Ce qui rendait les systèmes d’iniquité particulièrement insidieux dans le contexte canadien, c’est que de nombreuses formes de discrimination existaient dans la pratique, mais pas dans la loi.

Par exemple, lorsque la Néo-Écossaise noire Viola Desmond a refusé de quitter la zone réservée aux Blancs d’un cinéma en 1946, elle ne luttait pas contre une loi raciste en particulier. Elle luttait contre la ségrégation raciale comme pratique canadienne acceptée.

De même, lorsque les Noirs et les Autochtones manifestent aujourd’hui, ils ne le font pas contre des lois explicitement racistes. Ils protestent contre les attitudes racistes qui sous-tendent les pratiques canadiennes acceptées qui ont été institutionnalisées dans les systèmes de police, les tribunaux et l’éducation.

Le droit de manifester

Ce sont ces pratiques canadiennes historiquement acceptées qui ont garanti aux participants du « convoi de la liberté » une ingérence minimale de la police et de l’État, car ils s’arrogent le droit d’occuper l’espace public tout en affichant des symboles racistes et en prétendant simultanément se battre pour la liberté.

Dimanche, la mairie d’Ottawa a annoncé avoir « conclu un accord » avec les organisateurs du convoi pour déplacer certains camions, mais que la manifestation s’est poursuivie.

Cela contraste fortement avec les manifestations organisées par des personnes racialisées.
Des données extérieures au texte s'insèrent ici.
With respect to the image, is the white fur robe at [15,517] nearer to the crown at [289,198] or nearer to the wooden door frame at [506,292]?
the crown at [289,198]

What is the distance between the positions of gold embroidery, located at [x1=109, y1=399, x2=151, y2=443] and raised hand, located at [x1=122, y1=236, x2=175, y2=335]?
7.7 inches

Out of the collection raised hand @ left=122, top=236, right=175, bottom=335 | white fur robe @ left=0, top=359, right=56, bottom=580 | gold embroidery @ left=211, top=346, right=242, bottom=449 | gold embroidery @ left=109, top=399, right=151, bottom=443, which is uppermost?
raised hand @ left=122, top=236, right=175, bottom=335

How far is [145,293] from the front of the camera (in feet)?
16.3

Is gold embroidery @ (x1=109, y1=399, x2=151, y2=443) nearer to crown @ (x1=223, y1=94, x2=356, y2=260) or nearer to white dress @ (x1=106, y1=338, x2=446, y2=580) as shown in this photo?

Quelle est la voie à suivre ?

La première étape doit être la reconnaissance et l’admission que les pratiques racistes et discriminatoires ont été institutionnalisées – même si elles ne sont pas explicitement énoncées.
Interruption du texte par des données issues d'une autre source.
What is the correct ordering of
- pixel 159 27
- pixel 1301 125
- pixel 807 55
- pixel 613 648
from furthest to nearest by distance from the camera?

La deuxième étape nécessite l’élaboration de stratégies spécifiques et de mesures concrètes qui s’attaqueront à la pratique coloniale de la violence contre les personnes racialisées par l’État et ses institutions de soutien telles que la police.

Enfin, il doit y avoir de dures répercussions pour ceux qui agissent au nom de l’État et qui soutiennent les manifestations illégales et violent le droit des Canadiens racialisés de participer à des manifestations organisées dans la lutte pour l’équité et la justice.